SELECT 1 INTO :outhv FROM sometab
  WHERE col1=:hv1 AND col2=:hv2 AND col3=:hv3 AND col4=:hv4;

If sqlCode = 100;
  INSERT INTO sometab
     VALUES(:hv1, :hv2, :hv3, :hv4, )
Endif;

 

When I asked the customer about the purpose of this coding pattern, they shared that the columns referenced on the Where clause defined a unique key for the table. Thus, the SELECT statement was being run to verify if the specified key value already exists in the table. If the SELECT statement didn’t return a row, the program would know that there was no possibility of a duplicate key error – meaning that the INSERT statement would run successfully.

 

This explanation led the developer to ask if it was more efficient to have Db2 just check for the duplicate key value on the INSERT statement. With this approach, the program would be running a single SQL statement opposed to the coding pattern above that would result in two SQL statements being executed in the cases where the new values were unique. In general, the fewer calls that you make to Db2 for i (or any database), the faster that your application will run. 

 

I put together a small performance test to verify if less is more when it comes to inserting new rows that may result in a duplicate key error. Essentially, is it faster to check first to avoid the duplicate key exception or not to check by running the Insert statement and relying on Db2 to detect duplicate keys?

 

My performance test used an SQL stored procedure with a loop to insert 1,000 rows – the loop had logic that would cause every other INSERT statement to fail with a duplicate key error. For the “not to check” version of my test, the following condition handler was used to trap the duplicate key error and then allow the stored procedure to continue to run its loop inserting rows. Even with the condition handler in place, Db2 still writes a duplicate key error message into the job log.

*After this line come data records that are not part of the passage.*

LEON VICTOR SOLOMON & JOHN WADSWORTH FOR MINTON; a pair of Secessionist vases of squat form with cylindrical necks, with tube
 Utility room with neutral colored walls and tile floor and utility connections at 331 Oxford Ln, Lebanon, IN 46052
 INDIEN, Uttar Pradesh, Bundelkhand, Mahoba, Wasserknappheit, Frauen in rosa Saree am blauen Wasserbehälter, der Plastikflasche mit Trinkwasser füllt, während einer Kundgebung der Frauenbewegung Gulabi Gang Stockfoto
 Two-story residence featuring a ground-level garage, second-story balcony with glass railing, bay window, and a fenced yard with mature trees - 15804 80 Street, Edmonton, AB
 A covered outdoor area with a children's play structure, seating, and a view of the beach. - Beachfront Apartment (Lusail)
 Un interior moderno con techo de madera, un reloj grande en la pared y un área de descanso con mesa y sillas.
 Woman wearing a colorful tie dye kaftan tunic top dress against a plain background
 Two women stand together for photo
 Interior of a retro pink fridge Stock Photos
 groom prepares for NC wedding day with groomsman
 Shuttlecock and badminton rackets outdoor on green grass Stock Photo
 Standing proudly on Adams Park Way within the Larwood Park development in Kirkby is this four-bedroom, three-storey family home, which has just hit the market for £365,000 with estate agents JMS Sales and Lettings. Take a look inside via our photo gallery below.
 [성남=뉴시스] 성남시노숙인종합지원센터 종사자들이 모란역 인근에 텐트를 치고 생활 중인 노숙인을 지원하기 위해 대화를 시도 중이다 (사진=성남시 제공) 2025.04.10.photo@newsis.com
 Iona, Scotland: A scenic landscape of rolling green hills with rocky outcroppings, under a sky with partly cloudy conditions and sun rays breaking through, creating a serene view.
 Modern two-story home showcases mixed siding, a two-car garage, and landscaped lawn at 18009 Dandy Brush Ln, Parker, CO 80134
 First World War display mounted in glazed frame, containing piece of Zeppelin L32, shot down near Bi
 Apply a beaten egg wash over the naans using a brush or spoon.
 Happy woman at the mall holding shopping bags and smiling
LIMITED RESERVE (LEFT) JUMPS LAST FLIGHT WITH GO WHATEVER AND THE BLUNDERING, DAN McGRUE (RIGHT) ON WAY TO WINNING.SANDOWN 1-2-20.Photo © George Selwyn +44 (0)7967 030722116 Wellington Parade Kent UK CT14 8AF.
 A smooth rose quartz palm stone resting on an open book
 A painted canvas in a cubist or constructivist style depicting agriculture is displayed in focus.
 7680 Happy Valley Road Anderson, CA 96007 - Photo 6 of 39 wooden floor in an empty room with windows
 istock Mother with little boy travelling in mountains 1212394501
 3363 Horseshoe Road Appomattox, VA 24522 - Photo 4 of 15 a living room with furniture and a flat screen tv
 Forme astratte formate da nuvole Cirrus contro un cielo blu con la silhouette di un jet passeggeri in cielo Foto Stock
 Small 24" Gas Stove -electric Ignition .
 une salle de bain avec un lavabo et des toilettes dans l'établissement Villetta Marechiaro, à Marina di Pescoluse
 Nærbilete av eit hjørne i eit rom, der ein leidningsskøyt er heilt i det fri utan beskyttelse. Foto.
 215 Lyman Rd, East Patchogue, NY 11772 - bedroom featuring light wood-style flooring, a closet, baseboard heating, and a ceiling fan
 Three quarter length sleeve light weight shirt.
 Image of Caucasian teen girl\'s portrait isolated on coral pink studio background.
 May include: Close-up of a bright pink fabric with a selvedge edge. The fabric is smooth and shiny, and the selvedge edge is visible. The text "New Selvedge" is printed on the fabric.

DECLARE CONTINUE HANDLER FOR SQLSTATE '23505' 
   SET errFlag = 'Y' ;

 

I ran each version of the stored procedure multiple times to get a consistent timing. In the end, the “not to check” version of the tests consistently ran 5-6% faster than the “check” version of the procedure which avoided the duplicate key error by first running a SELECT statement. The performance tests essentially showed that the overhead of running the second SQL statement was greater than the overhead of Db2 signaling an error back to the application.

 

These test results reinforce the earlier assertion that performance is usually best when your application program runs the fewest number of SQL statements possible. With this coding pattern related to the insertion of unique keys, the answer to the question posed at the start of this entry is: Not To Check!